In those long and languorous hours of Christmas afternoon, when the turkey lies demolished and the Queen has said her piece, there’s little left to do but drink and snooze.

The children’s toys are all played out. Your parents’ bracing walk has left them drained. The hours you spent last night in wrapping, writing, basting, boiling, decorating and displaying were not in vain, for all are quite, quite sated. Here, then, are my recommendations for those lazy hours until supper: a mixture of music, poetry and interviews to enthral and delight while you digest the morning’s labours.

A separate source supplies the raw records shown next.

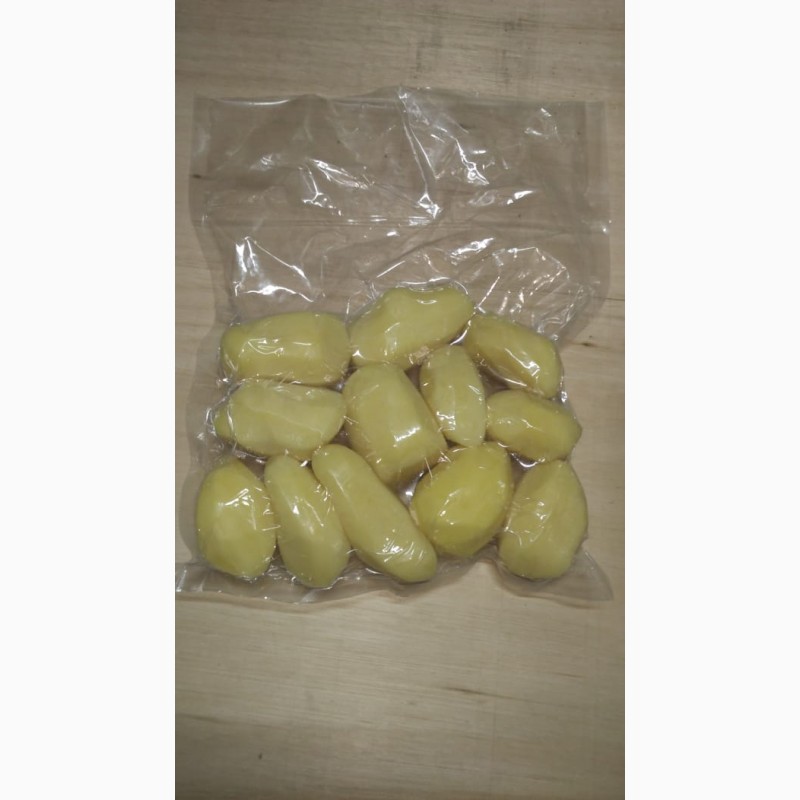 Фото 3. Овощи очищенные в вакуумной упаковке (картофель, лук, морковь, чеснок, свекла)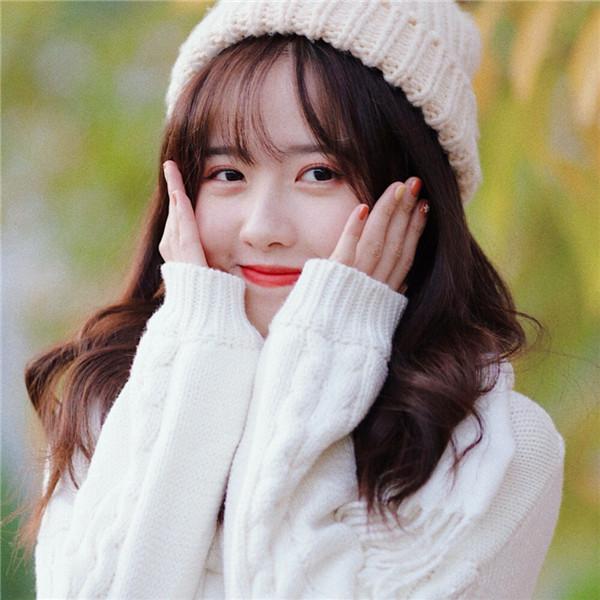 深秋干净唯美清纯女生头像图片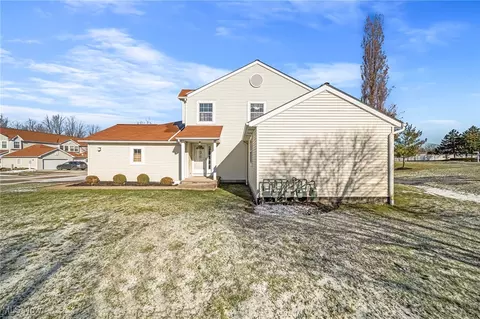 1305 Leeward Ln #A, Willoughby, OH 44094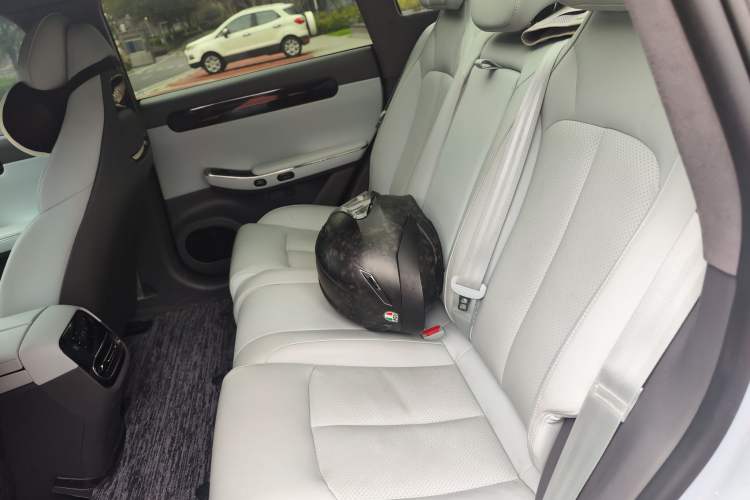 Used Leapmotor C01 2022 Rear-Drive Long-Range Version Left Rear Seat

Begin with Liszt’s Weinachtsbaum, a suite of 12 pieces for the piano. It was written in 1873-74, revised in 1874-76, and first performed on Christmas Day 1881 for its dedicatee, Liszt’s granddaughter Daniela von Bülow. Several of the pieces, such as the second, third and fourth of the set, are based on Christmas carols. Others, especially the last three, are autobiographical, describing people, places and scenes from life. The music is typical of Liszt’s late period: it eschews virtuosity in favour of harmonic exploration, rhythmic variation and subtle dynamic gradation. The set was first recorded in 1951 by Alfred Brendel for SPA – incidentally, his debut recording – which performance has not yet been bettered.

Follow this with a selection from the Desert Island Discs archive, available on the Radio 4 website. One could spend days flicking through this quite exceptionally rich catalogue, but to save you that trouble I would recommend the following:

• Sir Oliver Millar (June 4, 1977)

• Lord Dacre of Glanton (August 21, 1988)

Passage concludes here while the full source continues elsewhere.